DeAndreis’ novel takes off when Cole and Isaac start new jobs that pull them in opposite directions. The diverging paths they take will strain and test their relationship.

As a paraprofessional in an inner-city high school, Cole finds himself overwhelmed and under-trained. His students and administrators question whether his identity gives him the credibility to claim an E-40 song as his own. In addition, Cole finds his assigned student to be troubled and confrontational because she lacks the love and safety of a family. Cole realizes he must move beyond his comfort zone and address his past to make the relationship transformative.

Isaac finds a job as a part-timer at a tech startup where he’s overworked, underpaid, and teased. He makes friends with a character who sports a “Froyo is a food group” t-shirt and drinks IPAs reminiscent of Lucky Charms. Isaac gets comfortable adapting to the tastes and culture of this new world. He begins to generate his own business ideas and takes Cole down from his pedestal.

Traveling with these characters, the reader finds that San Francisco can birth an underground hip-hop movement encapsulated by the title song and give rise to the prosaic navel-gazing startup world where execs arrange for Cake (the band) to play at their birthday party. However, coexistence is a different matter from creation. How can a city, let alone a friendship, maintain itself while it contains opposing value systems?

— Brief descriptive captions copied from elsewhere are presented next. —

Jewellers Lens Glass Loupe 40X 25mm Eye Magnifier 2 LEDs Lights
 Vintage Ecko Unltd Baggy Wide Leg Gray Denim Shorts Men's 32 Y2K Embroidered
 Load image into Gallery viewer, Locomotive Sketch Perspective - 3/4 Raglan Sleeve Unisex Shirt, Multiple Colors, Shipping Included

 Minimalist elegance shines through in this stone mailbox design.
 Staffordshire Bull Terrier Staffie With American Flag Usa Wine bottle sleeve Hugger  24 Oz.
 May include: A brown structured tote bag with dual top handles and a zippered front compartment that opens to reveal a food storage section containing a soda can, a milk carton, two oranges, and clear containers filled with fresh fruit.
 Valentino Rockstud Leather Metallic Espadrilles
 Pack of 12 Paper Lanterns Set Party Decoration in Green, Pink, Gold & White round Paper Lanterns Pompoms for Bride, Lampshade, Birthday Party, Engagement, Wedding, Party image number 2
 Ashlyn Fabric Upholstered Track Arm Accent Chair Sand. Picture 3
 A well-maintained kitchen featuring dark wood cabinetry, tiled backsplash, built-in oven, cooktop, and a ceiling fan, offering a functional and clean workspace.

DeAndreis’ third book integrates his previous books with lucidity and emotional heft. DeAndreis’ first book, Hard to Grip, is a memoir about his struggle as a former top-tier (D1) college pitcher whose professional baseball dreams are crushed by a rare condition in healthy young men, rheumatoid arthritis. DeAndreis’ second book, Beyond Folly, is a related series of short stories that depict the dysfunction of public education through the lens of a substitute teacher in San Francisco. Through Cole’s perspective, DeAndreis captures the world of IEPs (individualized education plans), paraprofessionals, and dysfunctional school administrations that fail to meet the challenges of special needs children. As a father of two special needs children, I can vouch for the accuracy of his description and that the special needs system Cole encounters deserves more attention. As a former D1 athlete like Cole, I experienced the heady recruitment process and initial success before the long come-down and resignation and regret of what could have been. Like London to Paris, it’s a short trip from the best of times to the worst of times.

Since Dickens, novelists have used their platform to deliver poignant social critiques. DeAndreis uses his to address startup culture and its gruel - gentrification, exploitation, elitism, etc. He addresses the general with specifics. The dialogue about Odwalla bottles claiming biodegradability but still requiring recycling indicates that the “doing good” talk is merely a marketing ploy. The scene where 49er fans turn away from their local brewery, unable to watch their football team play on TV because Isaac’s startup has rented the ability to play The Goonies on mute with David Bowie in the background, indicates that even if startups have good intentions, they don’t understand the local culture or people from divergent backgrounds and so, couldn’t get out of their own way.

DeAndreis weaves the threads of male friendship, the fall from grace, gentrification, internet trolling, coming of age, the Great Recession, and San Francisco culture. DeAndreis makes these threads engaging by creating complex characters and posing personal questions for them to resolve: will their jobs pull them apart and lead to something better? Can they reconcile their issues constructively? And who will tell them when to go?